Tommy was doing his best to coax an answer or two out of Roy but it was like watching the current Irish soccer team trying to score a goal. He’d attack down the flanks with questions about Roy’s grandparents or growing up in Mayfield. No good.
He changed tack and went through the central field channel with a question about how Roy met his wife.
Nothing giving. Blood from a stone.
After a while, the audience was getting a sense of what it might be like to be on a desert island with Ireland’s greatest sporting legend.
Roy was not for budging. And Tommy had to dig deep as we entered extra time.
Luckily, it was at that point that Roy landed a few sentences that had the whole country transfixed.

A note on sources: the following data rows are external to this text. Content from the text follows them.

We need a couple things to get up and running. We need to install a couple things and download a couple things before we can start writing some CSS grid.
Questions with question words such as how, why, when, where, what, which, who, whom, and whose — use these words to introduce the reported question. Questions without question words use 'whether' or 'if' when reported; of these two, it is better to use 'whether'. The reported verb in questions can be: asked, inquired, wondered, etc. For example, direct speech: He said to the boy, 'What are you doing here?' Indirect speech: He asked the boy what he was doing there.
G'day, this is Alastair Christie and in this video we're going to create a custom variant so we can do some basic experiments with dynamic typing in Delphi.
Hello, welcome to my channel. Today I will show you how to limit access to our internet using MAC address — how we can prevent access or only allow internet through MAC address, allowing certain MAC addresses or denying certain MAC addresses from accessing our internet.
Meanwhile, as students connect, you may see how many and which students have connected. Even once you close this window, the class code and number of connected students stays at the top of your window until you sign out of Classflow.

When Tommy mentioned what fine fettle Keane was in, the former Ireland captain explained that he doesn’t really train anymore. Doesn’t really like running. Or going to the gym for that matter.
None of these things really interest him since he hung up the boots, he said. He just keeps himself in shape by taking the odd walk.

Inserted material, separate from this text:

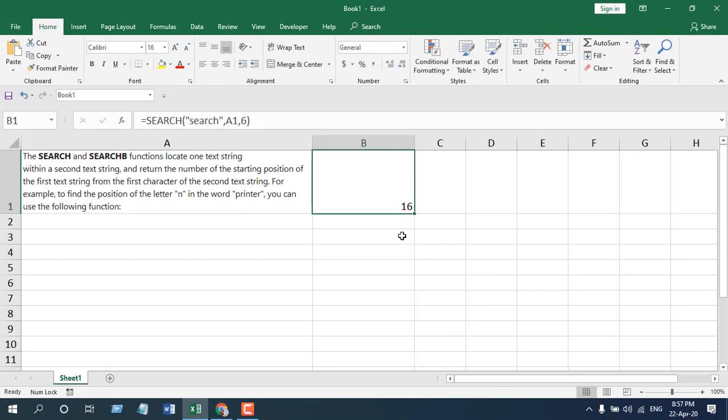So this is how you can use the search function, and these were the parameters, and the main difference between search and find is that find is case sensitive and search is not. So this is what I wanted to show you.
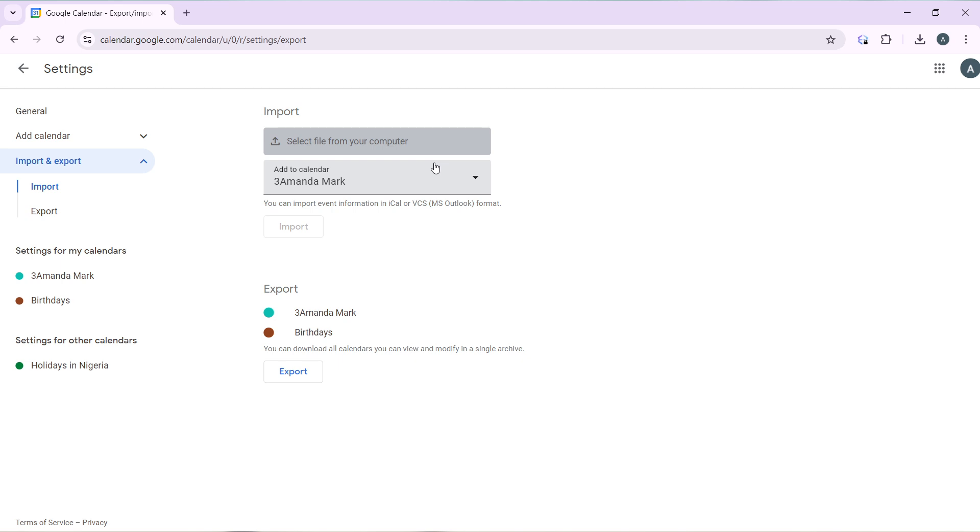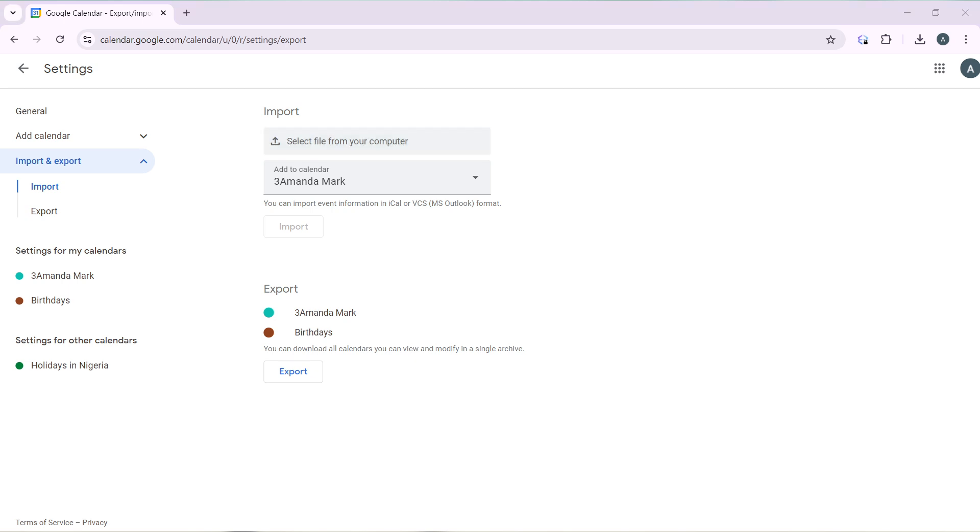Once you do that, go ahead and click on the import button which will be activated and you'll be good to go. Now you can go over this tutorial from top to bottom to get acquainted with the steps, and once you're done you'll be good to go.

And when he goes back to Cork to visit the family, he likes to order a Chinese takeaway of a Friday. Well, this was all pure gold on a bitter January evening with the wind clawing at the windows. You could almost hear the nation releasing its breath and unbuckling its collective belt.
‘If Roy doesn’t go to the gym, maybe we don’t have to either?’ you could hear the entire country thinking to itself.
“And if Roy can order a Chinese in January, maybe we can too?”
Before he had finished his sentence, I, and presumably thousands of others had bounded out to the goodies press where all the Christmas leftovers are kept, to prise open the security bars and enjoy some Saturday night snacks. I mean, if it’s good enough for Roy .…
A bitter Pil? Maybe not
MAY you live in interesting times, the old saying goes. But do they have to be this interesting, says you?
If the world wasn’t strange and confusing enough, media reports revealed last week that punk rock revolutionary John Lydon, aka Johnny Rotten of the Sex Pistols, has entered a song to compete to be Ireland’s Eurovision entry.
God Save The Queen, Dana, Johnny Logan, Jedward and our native puppet turkey population!
I thought I was hallucinating when I saw it first, but after some further thought, I remembered that Johnny has already done a TV advert for butter, as well as appearing in I’m A Celebrity Get Me Out Of Here. So he has certainly always marched to the sound of his own drum – for the right price.
I started to dream up what his Eurovision entry might sound like, a song called Hawaii, entered under the guise of Public Image Ltd (PiL), the band he founded after the demise of the Sex Pistols.
A raucous punk rock takedown of Brexit Britain, perhaps? A death metal ode to the Queen, who quite literally ’ain’t no human being’ anymore?
Nope, turns out the song is a sweet ballad, an ode to his German wife Nora Forster who he married in 1979, and is now suffering from Alzheimer’s disease.
Not exactly typical fodder for the competition, but maybe Johnny Rotten winning the Eurovision for Ireland with a song called Hawaii is exactly what 2023 needs.
And I’ll be voting for him, even if he doesn’t qualify in the end.
He probably doesn’t stand a chance given that most of the voters for the competition are under 30, and probably think punk is some sort of IKEA storage system.
As the punks once said, you should never trust anyone under 30.
A ‘Kraken’ scary strain
SO apparently we now have to be fearful of the Kraken variant of Covid. Kraken? Seriously, like?
I start to get a bit conspiratorial myself when they’re naming strains after legendary Norwegian sea monsters. What’s next – Covid Minotaur? Covid Nightmare On Elm Street? The Covid Keano ‘Break Your Legs’ variant?
Is January not terrifying enough as it is?